Saturday 21 February 2015

The size of things

I took these photos this morning, for a different post (to come) on what I'm doing round the house.


I knew I'd got bigger lately but I hadn't realised, or wanted to see, quite how big.

Generally I dislike how I look in most photographs, the photos I like the most are the ones in which I probably look least like me. That's a complicated sentence to explain. I've been reading a lot by Geneen Roth recently (highly, highly recommend) and she talks about growing up waiting to look like a model and being utterly perplexed when she didn't.

I really identified. Growing up I read glossy teen magazines and the occasional illicit Cosmo. I was mesmerised by the girls in the pictures and desperate to be like them. But also, as a young impressionable girl, I was desperate to grow up and somewhere along the line my brain confused the two. I thought when I grew up, I would look like a model - because all the images I consumed suggested that would be the case.

I can see I've never really let go of that idea. I hope that doesn't sound too arrogant, I want to make it clear I don't actually think I look like a model. But I am so used to seeing images of women who are so slender in the first place so posed and airbrushed and manufactured that somehow my brain seems to think ALL women look like that in photographs - including me. Everybody knows there are only three body types for women. Tiny and petite and delicate, tall and willowy, or curvy. I'm neither petite nor curvy, I am tall, ergo surely I should be willowy, yes?

Well clearly not. But believe it or not that's the image of myself I've been carrying around with me. I like photos of me that hint at willowiness, emphasise my bone structure, disguise my broadness and softness. We all like pictures that emphasise what we perceive as our best features after all.

I actually don't have huge amounts of pictures of myself. My parents didn't take that many when I was growing up and I never took any during my 20's. So I don't have a lot of photographic evidence to counteract my mistaken belief that I am, somewhere underneath, willowy and ethereal.

When I looked at these pictures I think for the first time I truly let go of that idea and just saw myself. Truly myself.


I can't say I was thrilled. I look bigger than I want to be. Bigger than I've been in years.
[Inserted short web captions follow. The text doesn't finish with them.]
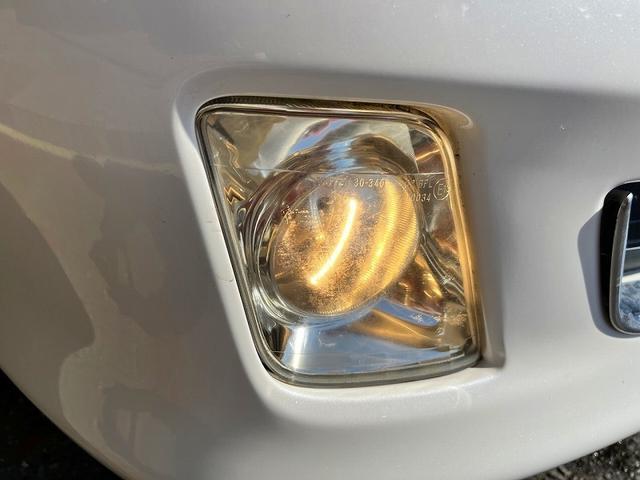 クラウン 2.5アスリート ナビパッケージ 純正HDDナビ フルセグ プッシュスタート キーフリー クルーズコントロール 前席パワーシート プッシュスタート キーフリー MTモードAT ドラレコ(29枚目)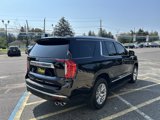 Used 2024 GMC Yukon Denali image 4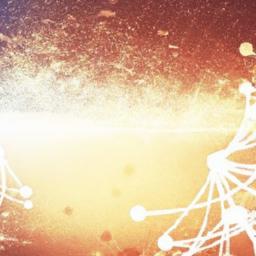 Crafting Visual Hierarchies ​That resonate with Diverse Groups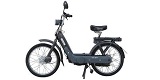 PIAGGIO CIAO Spareparts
Bigger than I'm comfortable with.

I waited for the inevitable self-flagellation to start, the despairing thoughts about being fat and overweight and lazy and greedy and having no self control and all the other things we tell ourselves when we're not happy with ourselves.

But when I thought about it, none of that was there.

When I look at these pictures I see a woman who has given away too much of herself.

A woman who has lost touch with her body and what her body wants and needs.

A woman who hasn't slept through the night in 18 months and is still smiling.

A woman who has given as much of herself as she possibly, possibly can to her family and her very young children, and who is still giving.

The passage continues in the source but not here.